En el primer día sin invierno desde hace no recuerdo cuándo me acuerdo bien del 11 de marzo de hace diez años, que fue un día, al menos en Úbeda, feo e inhóspito, con una grisura de luto prolongado. Estábamos en Nueva York el 11 de septiembre de 2001, pero el 11 de marzo de 2004 nos sorprendió en Úbeda, en los días de extrañeza, fatiga y silencio que vienen siempre después de la muerte de alguien. En 2001 fue Elena, con sus doce años recién cumplidos, la que nos despertó por teléfono desde Granada para contarnos lo que ella estaba viendo en el telediario de las 3, que había habido un accidente en Nueva York y un avión acababa de estrellarse contra una de las torres gemelas.
Esta vez nos despertó Miguel, muy temprano, desde Madrid, y como teníamos tan reciente el trauma de las llamadas de teléfono que irrumpen de madrugada en mitad del sueño se nos sobresaltó el corazón: hay ese momento en que uno de los dos responde al teléfono, y el otro, muerto de miedo, intenta deducir por el tono de voz y por las primeras palabras quién será el que ha llamado, qué ha ocurrido.Según hablábamos con él, el número de muertos seguía creciendo.
Luego vino la mentira, la imperdonable manipulación política infamando el dolor.
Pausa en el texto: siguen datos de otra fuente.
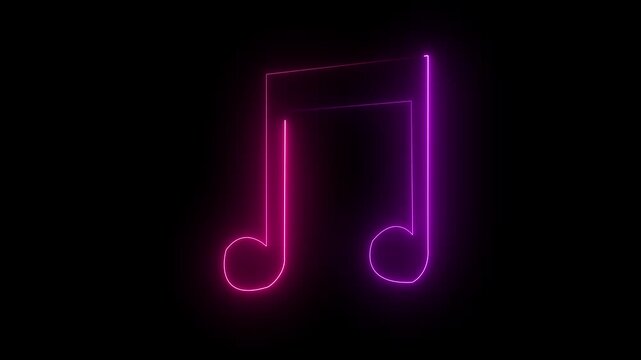 Glowing neon line musical note icon on black background. Music symbol neon color reveal and glowing loop effect animation 4k motion video.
En los días siguientes echamos de menos la solidaridad sin fisuras de sectarismos, el calor incondicional, respetuoso y solemne que recibieron las víctimas y sus familias en Estados Unidos inmediatamente después del once de septiembre.
Por no hablar del esperpento tóxico de la teoría de la conspiración, que tanto daño ha hecho también, a su manera. Matan las bombas, pero algunas veces también mata la calumnia. Frente a ella las personas son mucho más frágiles de lo que parece.